As an aphorism attributed to the Nobel Prize-winning cognitive scientist and economist Daniel Kahneman holds, “No one ever made a decision because of a number. They need a story” (Lewis 250). While LCAs provide essential quantitative information, placing it in the context of a persuasive narrative about what a building can accomplish is up to architects and engineers. Though some clients may cite immediate economic justifications for declining to support the work involved in carbon accounting and reduction, the larger story of a built environment transformed from linear and wasteful to circular and sustainable may ultimately be more persuasive. Cropper points out that the multipart mission of SE 2050 calls for not only EC reporting and reduction in projects but communication with architects and “internally educating our engineers and disseminating strategies and knowledge about how to do this, like with our Communities of Practice.”

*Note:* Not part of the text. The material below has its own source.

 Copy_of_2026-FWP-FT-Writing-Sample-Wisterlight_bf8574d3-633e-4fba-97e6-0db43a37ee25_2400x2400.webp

“The EC3 is basically a database of EPDs,” notes Johnson. “It’s a great idea to help harmonize where information is housed and how it’s collected. In general, though, you have to be aware of what data you’re using: within that tool, you have to have gone through some sort of design. If you just go in there and you want to compare, say, steel to concrete, just looking at the numbers within a tool, you don’t really have a sense of which one could create a lower-embodied-carbon structure, because you haven’t taken it through a design; you’re just comparing EPD values.”

“We always have to be careful to compare apples to apples,” Johnson continues. “For us that means comparing a building with a building, or a system with a system.” Specialists he has worked with find that “all the data points within a building are very difficult. I heard one person say once that there might be up to 2,800 components that could go into a building, and that’s everything: electrical, carpeting, paints, structure, all that sort of stuff. For an architect [who] has to go through and collect all these data points, that’s a really daunting task.... Even within steel, if you just take a wide-flange section and a rebar, you can’t really just compare those EPD values, because the way that those items function within a building is not the same, and the same quantity of material is not used to make it a functional piece of the structure.”

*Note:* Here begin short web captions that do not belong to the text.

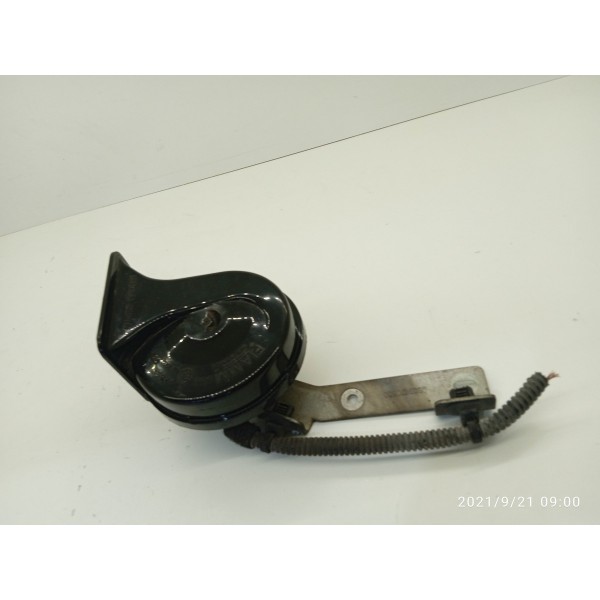 Buzina Peugeot 308 408 Orig //5478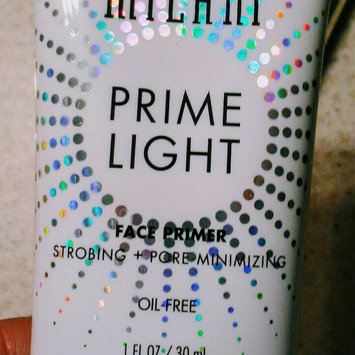 Photo of Milani Illuminating Face Powder uploaded by RobinandBrandi M.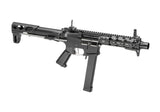 G&G ARP 9 2.0 S-AEG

As an example of a comparability challenge, Johnson describes a design that includes a 15-foot column, either a wide-flange section or a hollow structural section (HSS). “Both have equivalent axial capacities; I think it’s around 370 kips. If you multiply through the embodied carbon for the wide-flange column, it comes out to be 440, and if you multiply it out for the HSS section, it’s like 434, very close. But if you look at the EPD values, it’s 1100 versus 1550. So if you just looked at the HSS one, you’d say, ‘Well, this one’s 40 percent higher,’ but if you carry it through a design and get a quantity and a takeoff, they’re pretty much comparable materials at that point.” Comparisons outside the steel domain can become incoherent, he adds: “Steel reports usually in tons within an EPD; wood reports in cubic meters of material. It’s a volume versus a weight, so comparing those is just impossible to do.”

Driscoll cautions that when a design team performs an LCA, gets carbon-reduction figures for specified components, and obtains a LEED credit, that step is not the end of the story. The USGBC does not require firms to demonstrate how much of the materials mentioned in an LCA are actually procured and used onsite, he says, or how designs evolve. “Our role is important: to take the baton and deliver on what that LCA said the project was going to deliver—if not do better, because the LCA doesn’t often get the procurement nailed to the level of accuracy that we’re going to have, because we’re actually buying the material.”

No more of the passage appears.